Running the organisation

To run part of an organisation, a manager takes resources and uses them to deliver the performance the organisation and the organisation’s customers need as effectively and as efficiently as possible. The manager decides how that resources to allocate that resource across the operations he or she manages, to get the best results.

It’s not about ‘command and control’. Good line management is a discussion and a negotiation: how much performance can the staff member deliver, for a given amount of resource? And having agreed on the amount of resource (people, money, equipment, for example), the manager then leaves their staff member to get on with the job without interfering, but is available to provide support and expertise when asked.

Another part of running the organisation is about ease, making sure that the operation of one bit of the organisation doesn’t get in the way of another. If this is happening, then the manager and their staff can define and adopt ways to mitigate this, often in the form of standards or other ways of working.
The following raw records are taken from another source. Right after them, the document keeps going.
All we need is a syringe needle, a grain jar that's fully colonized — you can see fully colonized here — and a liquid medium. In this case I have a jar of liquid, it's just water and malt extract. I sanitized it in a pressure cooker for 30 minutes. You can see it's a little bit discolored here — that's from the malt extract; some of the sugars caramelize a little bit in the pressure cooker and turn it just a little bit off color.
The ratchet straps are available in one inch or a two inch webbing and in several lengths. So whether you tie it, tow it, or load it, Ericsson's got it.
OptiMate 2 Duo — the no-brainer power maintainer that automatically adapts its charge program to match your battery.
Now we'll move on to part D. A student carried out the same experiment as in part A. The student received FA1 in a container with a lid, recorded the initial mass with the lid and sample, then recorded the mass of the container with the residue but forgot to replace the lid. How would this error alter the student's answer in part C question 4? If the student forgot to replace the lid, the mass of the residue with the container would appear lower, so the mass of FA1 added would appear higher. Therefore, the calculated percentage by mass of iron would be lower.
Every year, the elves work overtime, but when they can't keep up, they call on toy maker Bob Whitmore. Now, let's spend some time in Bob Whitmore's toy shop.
To know how well the operations are running, the manager should get regular progress reports from their staff, key metrics which clearly link to the operation being measured. The manager gets best insight from the quantitative metrics when he or she also has a qualitative understanding of the operations, spending time with the staff of their staff (ie two levels down) to check that the situation really is as reported. This is most effective when it’s sporadic and infrequent. This monitoring of operations is a key skill that allows the manager to build up trust in their staff’s capabilities and reliability, and allows staff to build up trust in their manager’s ability to understand the real issues that they are experiencing.

Changing the organisation

The other purpose of management is to use resources to change the organisation. This starts with intelligence, looking outside the organisation and gaining insight into its environment, potential futures and sources of strategic risk. The manager then combines that intelligence with internal information about the performance and capabilities of the organisation to design options for change, each option requiring different levels of innovation and types of change. The options for change will include factors such as products, markets, processes, core capabilities, and the structure of the organisation itself. There is then a key decision to take, about which option to implement, and a critical factor is the amount of resource available to execute and manage the change. The organisation needs to change at least as fast as its environment is changing.
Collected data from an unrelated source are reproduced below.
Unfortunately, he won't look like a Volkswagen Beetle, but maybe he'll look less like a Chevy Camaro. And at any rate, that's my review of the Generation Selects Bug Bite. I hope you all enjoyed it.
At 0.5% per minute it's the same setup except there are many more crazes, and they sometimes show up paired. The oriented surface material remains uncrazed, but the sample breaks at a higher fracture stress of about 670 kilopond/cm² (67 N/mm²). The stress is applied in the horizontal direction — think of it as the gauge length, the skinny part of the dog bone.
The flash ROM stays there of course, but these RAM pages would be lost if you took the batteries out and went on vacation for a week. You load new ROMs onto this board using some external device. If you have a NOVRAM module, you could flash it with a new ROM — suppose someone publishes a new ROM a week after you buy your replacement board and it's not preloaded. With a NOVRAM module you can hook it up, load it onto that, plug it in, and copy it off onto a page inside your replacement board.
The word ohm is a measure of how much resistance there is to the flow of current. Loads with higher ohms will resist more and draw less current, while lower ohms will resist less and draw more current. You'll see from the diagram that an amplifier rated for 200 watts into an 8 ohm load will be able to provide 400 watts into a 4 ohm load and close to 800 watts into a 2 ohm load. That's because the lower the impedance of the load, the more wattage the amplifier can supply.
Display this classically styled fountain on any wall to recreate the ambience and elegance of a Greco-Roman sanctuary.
Because there is no hard data about the future, and instead a lot of uncertainty and ‘unknown unknowns’, it’s usual to find that a particular manager has a style and preference for either running their part of the organisation, or changing their part of the organisation.

Management development includes developing the manager as a person, and building a repertoire of management styles to deal with different situations. And it needs to include developing the manager in management: running the organisation, and changing the organisation, and managing the balance between the two of those.